* **Task to complete**: Reproduce the listing below exactly. Pictures do not belong in the copy.

START Data section

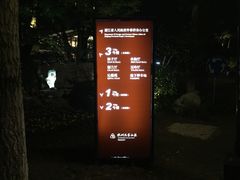 -杭州花家山庄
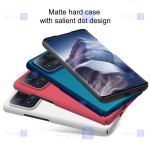 قاب محافظ نیلکین شیائومی Nillkin Super Frosted Shield Case Xiaomi Mi 11 Ultra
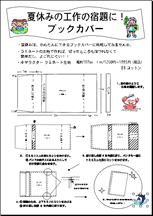 馬渕株式会社 布素材感マブチ 会社案内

END Data section

* **Solution to the exercise**:
 -杭州花家山庄
 قاب محافظ نیلکین شیائومی Nillkin Super Frosted Shield Case Xiaomi Mi 11 Ultra
 馬渕株式会社 布素材感マブチ 会社案内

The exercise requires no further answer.